L’approdo a Catanzaro e la musica nel cuore

Nel 1978, “Tato” porta la sua grinta, la sua esperienza e il suo carisma a Catanzaro, dove vivrà cinque stagioni indimenticabili. In giallorosso diventa un leader assoluto, il pilastro di una delle squadre più forti di sempre, capace di entusiasmare la Serie A. Il legame con la città e i tifosi è profondo, basato su un rispetto reciproco. A Catanzaro trova una “bellissima compagnia”, con campioni come Massimo Palanca e Claudio Ranieri. Ma è anche il luogo dove la sua passione per la musica trova terreno fertile. Se a insegnargli a suonare la chitarra era stato il suo ex compagno alla Sampdoria Rocco Fotia, è con il mitico Nereo Rocco al Milan che aveva affinato le sue doti di intrattenitore. A Catanzaro, questa passione si sposa con i gusti del suo allenatore di Brindisi: «La musica piaceva anche a Gustavo Giagnoni. Voleva sempre sentire ‘Malagueña’», ricorda. Un guerriero in campo, un artista fuori.

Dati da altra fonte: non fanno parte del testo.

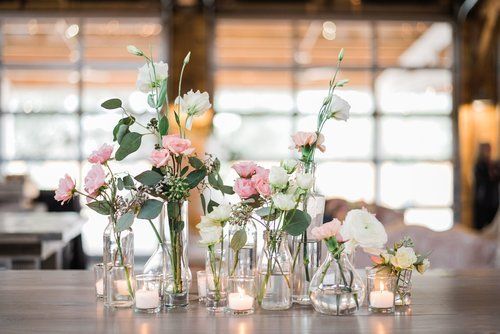 Glass vases of pink and white flowers on a wooden table in a bright, blurred event space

Oggi Giuseppe Sabadini vive proprio a Catanzaro, con sua moglie Lucia. Si gode una vita serena, tra la cucina e il mare. I suoi figli hanno ereditato la sua vena artistica: Alessandro è un musicista, Enrico un esperto di arti marziali. Lui continua a coltivare la sua passione, suonando il pianoforte e, ovviamente, la chitarra, “da solo”. Il racconto di un uomo che ha sempre volato, con la fantasia e con le gambe, lasciando un segno indelebile ovunque sia andato, ma trovando nel cuore della Calabria un posto speciale da poter, finalmente, chiamare casa.